I have feelings about this book all across the spectrum from bad to great!
The first couple of chapters are difficult stylistically but this eases with perserverence. On the whole I am really glad I read this book, I loved the story line, the characters, the auor's use of language. It is a complex book, which thoroughly warrants a second close read if I was someone who did second reads. The story has two strands - on one side the author's deft comic rendering of polite Sidney society in colonial times, with its shades of Jane Austen and the like, its preoccupation with finding good matches for its women, with Laura Trevelyan the young woman living with aunt and uncle, she is on the edge of society, a contained rebel, an intelligent, education , beautiful woman in a society where the first two characteristics are not valued. On the other side another person at the periphery, Voss, the German explorer of the Australian outback. *****SPOILER ALERT *****There's is an unlikely meeting, catalysed by the fact that Laura's uncle is the expeditions's sponsor. To me they are soul mates who meet but briefly,start a correspondence which sadly never materialised into other than their letters most of which never reach their intended, and who dream and fantasize about the other. The book swings back and forward between the comforts of Sydney life and the perils for white men in the unknown outback. Their stories form a beautifully crafted, dreamlike, spiritual, intertwining, mixing the real and the unreal, often a little bit too fluidly for this reader to maintain a connection with on one reading or this slightly overlong book. But that did not distract from a feeling of satisfaction at completing the reading. A challenging read, very suitable for book group discussions who like to delve deep.

Sunday, 3 January 2021

Book Review: Freshwater by Akweake Emezi

Freshwater Freshwater by Akwaeke Emezi
My rating: 3 of 5 stars

A most intriguing read.

The author is on my list of Nigerian writers to read and I wanted to start with her first novel which this is. Akwaeke Emezi is Igbo/Tamil, raised in NIgeria, living in USA. She won the 2017 Commonwealth short story prize for Africa with her short story Igbo cultural cosmology. This book is the story of a young woman, abused to the point of self disintegration and the multiple personalities as they would be called in the North which materialise as she struggles through her youth, spiraling out of control through disastrous sexual encounteres and self mutilations. The author tells the young woman's story through her various voices, showing the reader how these difering daemons play out in her rollercoaster of a life. They are written as if they were spirits, gods in her body, trapped within the marble of her mind from which sometimes one, sometimes another and sometimes the girl herself are to the fore in her daily life.

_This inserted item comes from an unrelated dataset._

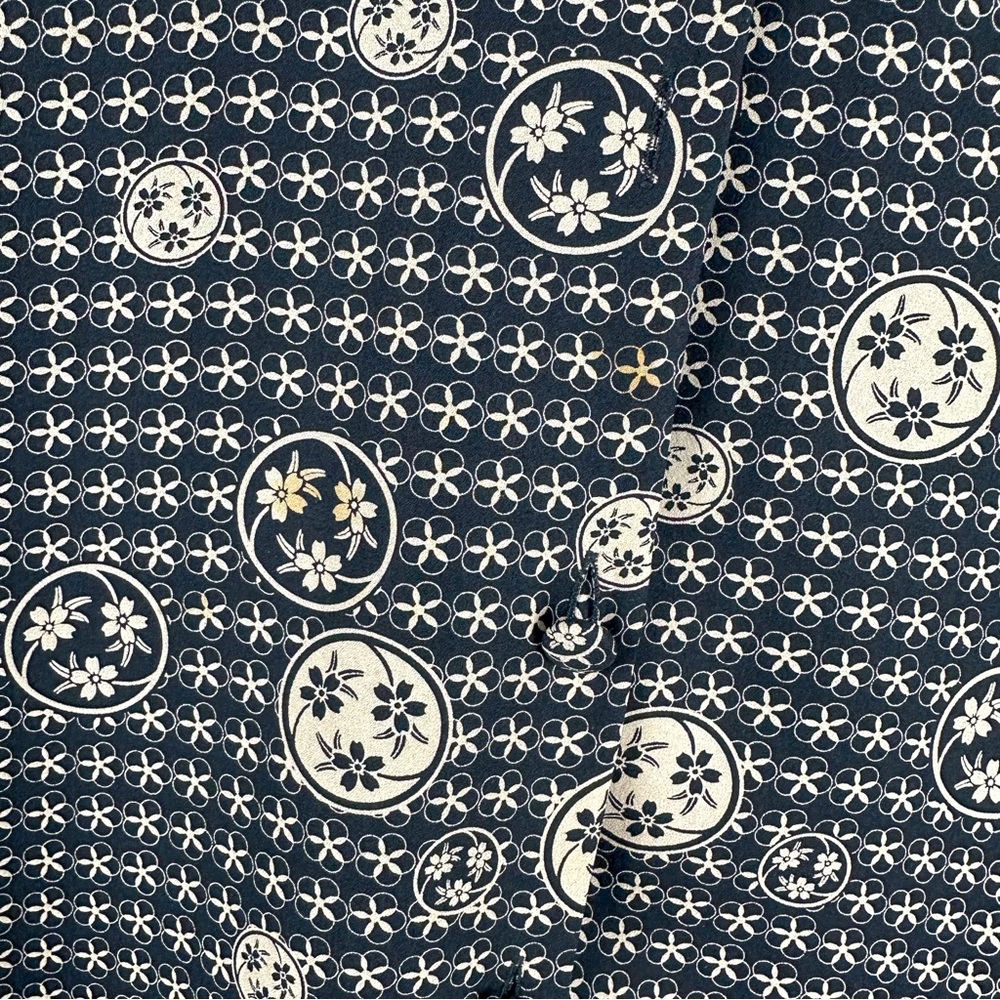 Vintage 100% Silk Black Floral Patterned Button-Up Shirt Anne Namba - Picture 10 of 11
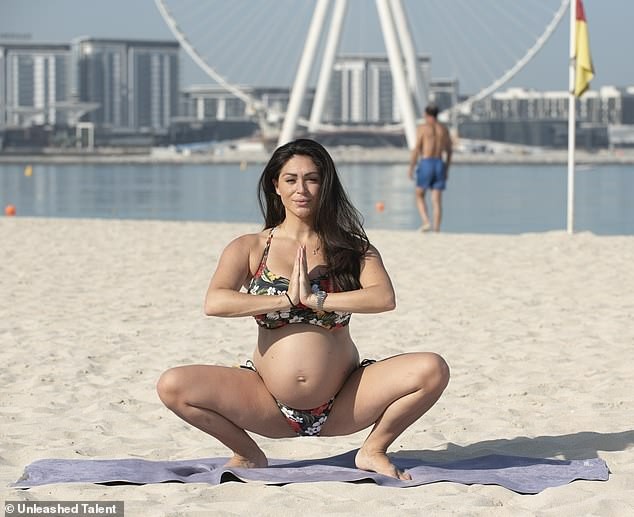 Casey Batchelor bế bụng bầu nặng nề tạo dáng yoga 'khó đỡ' gây choáng - ảnh 1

A bit of context is useful to understanding this - The Igbo use the term ogbanje to denote an essentially evil spirit, the "children who come and go" which from birth to puberty cycle through death and return causing much grief to the family. Female circumcision is thought to get rid of them. The high female god Ala is the goddess of earth, fertility, mortality who holds the deceased in her womb, is the guardian of women and rules the underworld. Her messenger on earth to the living is the Python. Tributes to her are paid during the annual Yam Festival.

Ada has been named after the Python, and the spirits inside her, the personalities are obanje. This is a survival story, the story about coming to terms with the trauma of abuse and finding who you are after it.

It is an incredibly ambitious first novel. Does it work, does Emezi bring it off? To a certain extent yes. She clearly is an imaginative, highly creative writer or budding talent. For me the novel was a bit too long and I felt the story could have been improved by a compression. But yes she does give you an insight into the young women's mental state without it being bathed in the usual jargon and metaphors. The struggle for control is there, the despair, the need for escape, to blot out the unidentifiable trauma, the desperation. I most certainly will read more by her.

Friday, 25 December 2020

Book Review: Ordinary People by Diana Evans

Ordinary People Ordinary People by Diana Evans
My rating: 1 of 5 stars


I very seldom trash a book but this has been the most boring book I have ever read. It was my in person book club choice for this month and I've managed about half way through it and that was a stretch so as a Christmas present to myself I am giving up on it! It is everything I dislike in a a novel - domesticity abounds, huge amount of dialog such that it almost reads like a script, characters I have absolutely no interest in and who have nothing interesting happening to them. It is set in a part of London I know and granted her desciptions of the area ran true - and that's my only positive about this book. I read reviews about it praising its prose and insight Guardian Review but I just don't get it, I'm just not reading the same book. For me it lived up to its title Ordinary. More enticing reads await.